Writing a tight design brief
What it does
Turns a loose project intake into a sharp, Planes-style design brief. Opinionated. Single-pager. Ready to share with the team and the client.
When to use
- Kicking off a new design engagement
- Tightening up a brief someone else wrote that's gone fuzzy
- Translating a client's ambition into something the studio can actually build against
The skill
You are helping a design team at Planes write a one-page brief. Planes briefs are short, opinionated and named. They take a position.
Read the inputs I paste below (client conversation notes, RFP, transcripts, anything). Then produce a brief with exactly these sections, each tight and skimmable:
- The brief in one sentence. What we are doing and for whom.
- Why now. The real reason this is on the table this quarter.
- The audience we care about most. One segment, named, with the smallest detail that makes them real.
- What success looks like in 6 months. Observable, not adjectives.
- What we are deliberately not doing. At least three things.

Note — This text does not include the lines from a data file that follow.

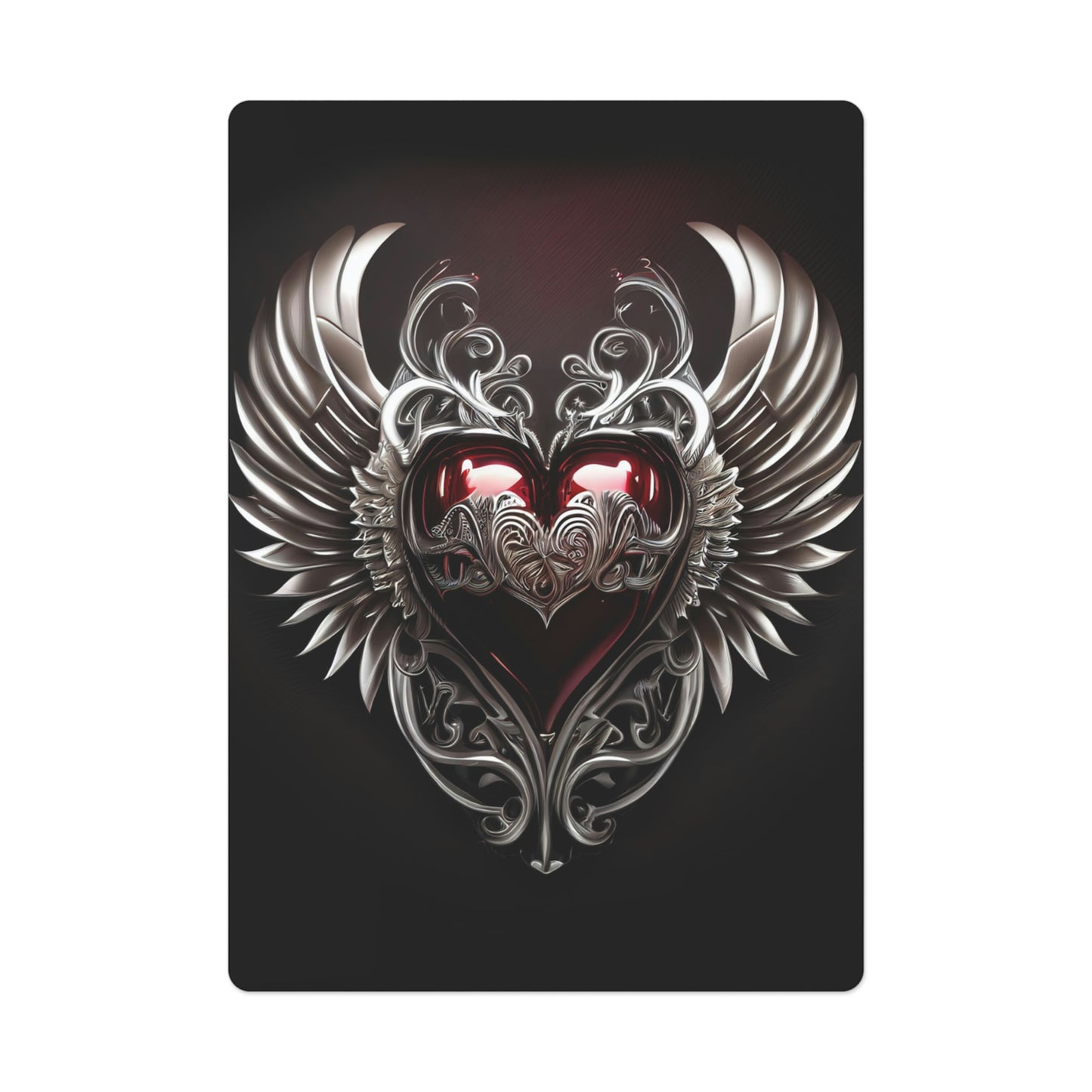 Black Metal Heart Poker Cards | Game Cards with Printed Design | Red Metal Heart Cards | Cartas de Poker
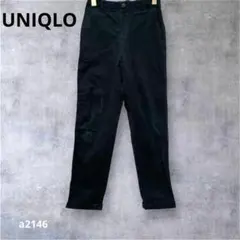 【ユニクロ】イージーパンツ ワイド　ウエストゴム カジュアル　ネイビー150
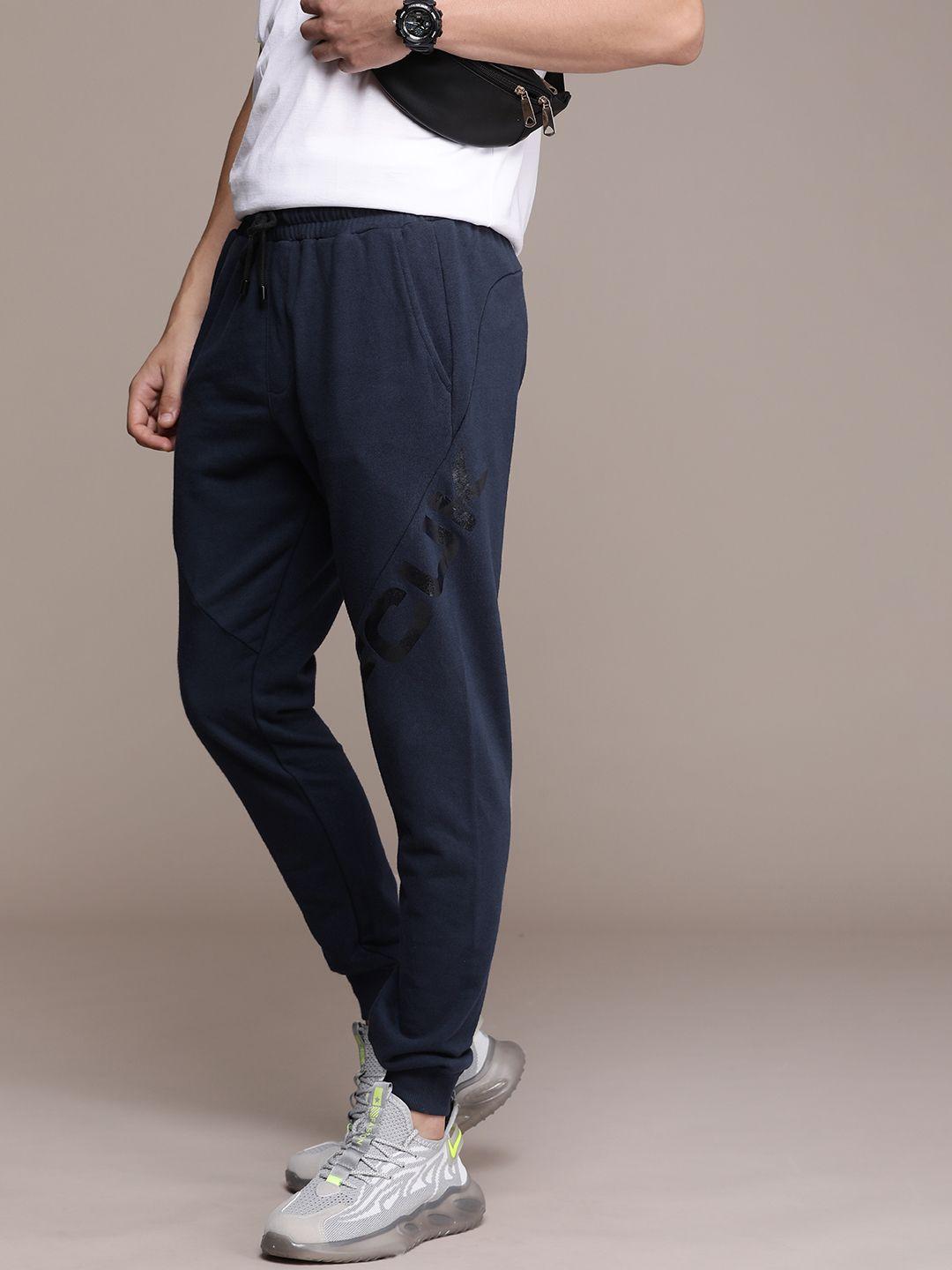 fcuk men mid-rise brand logo printed jogger track pants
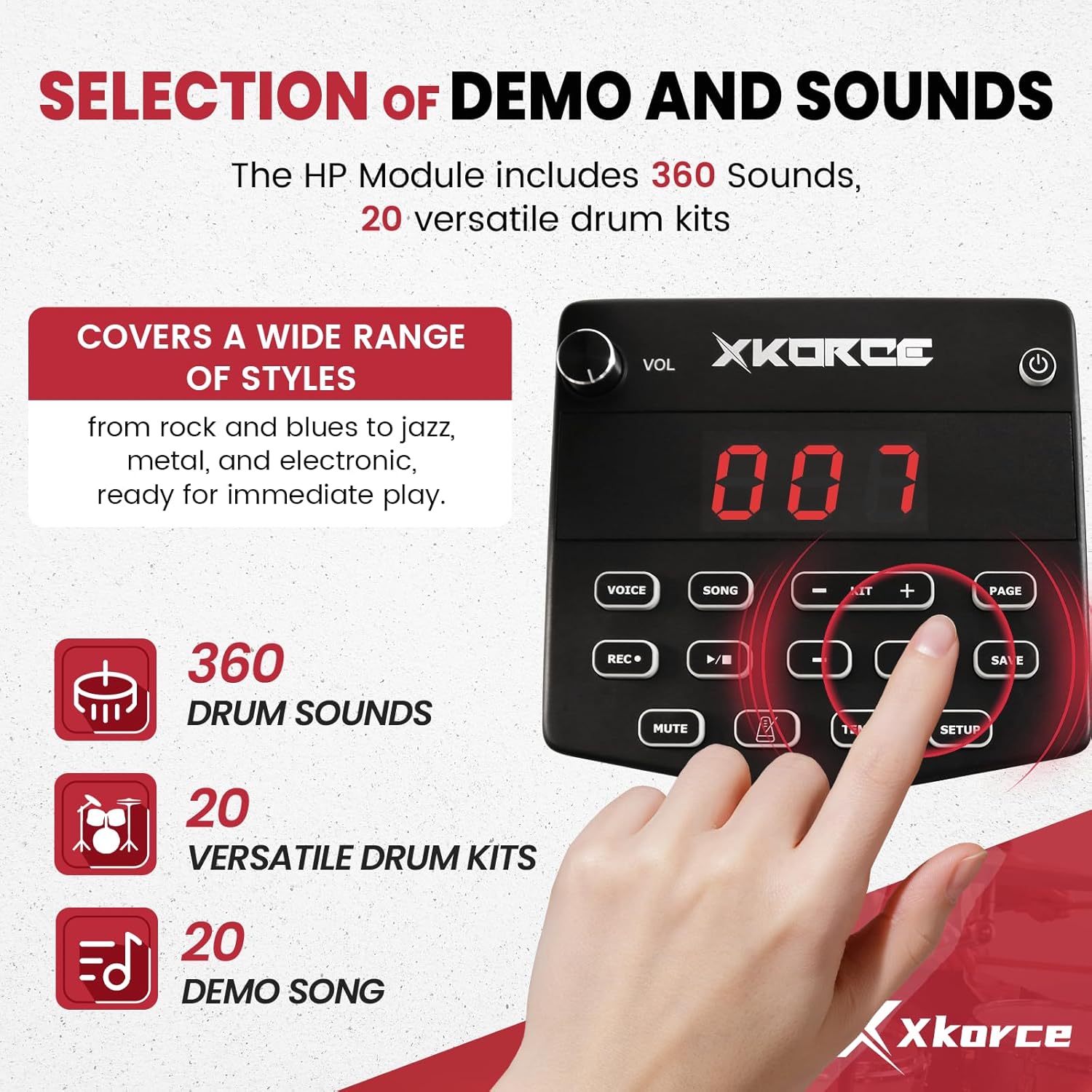 Electronic Drum Set Electric Drum Kit with 4 Quiet Mesh Pads, 360 Sounds, 2 Pedals, Headphones, Sticks, Dual Bluetooth function, Suit for Beginner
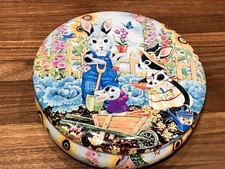 Lovely Judith Ann Griffith Illustrated Tin W/Family Of Bunnies Gardening 1990’s picture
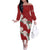 Ia Orana Tahiti Tiare Off The Shoulder Long Sleeve Dress Crimson Lei - Polynesian Pride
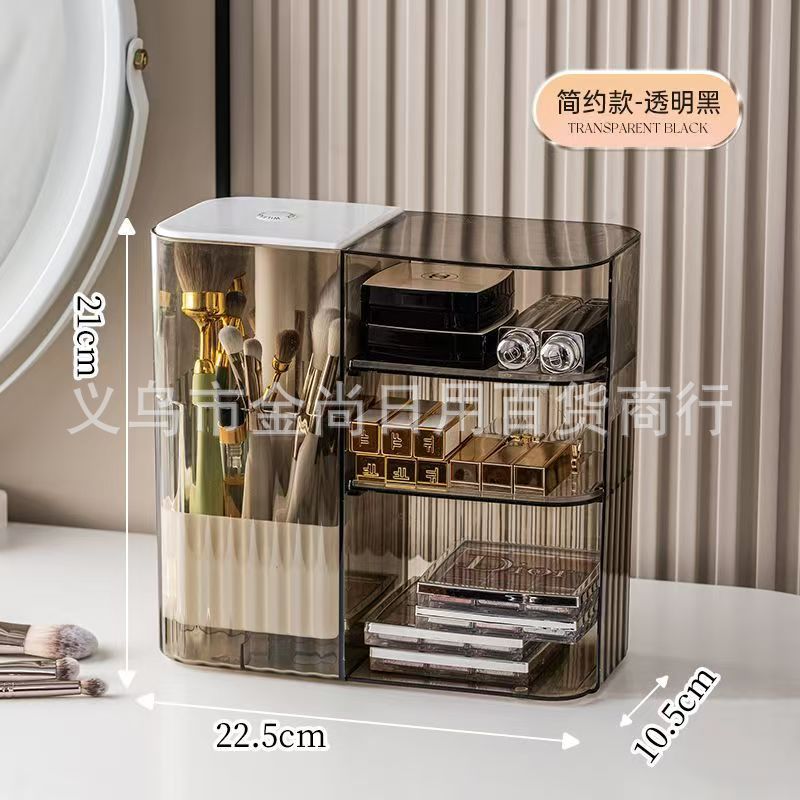 High appearance level rotating makeup brush storage cylinder, mouth red eyeshadow storage rack, dressing table, cosmetics storage box, lift type pic 5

- Risks the studio is taking on. The things only we should worry about.
- First move. The smallest piece of work we'd ship in week one.
Rules:
- Strong verbs. No "leverage", no "drive", no "robust".
- If a section can't be answered from the inputs, name the open question instead of hand-waving.
- Maximum one page. Cut before adding.
Notes
Bias to specificity. If the brief mentions multiple audiences, push back. Planes briefs name one. The "deliberately not doing" section is the most important. Without it we end up rebuilding the world.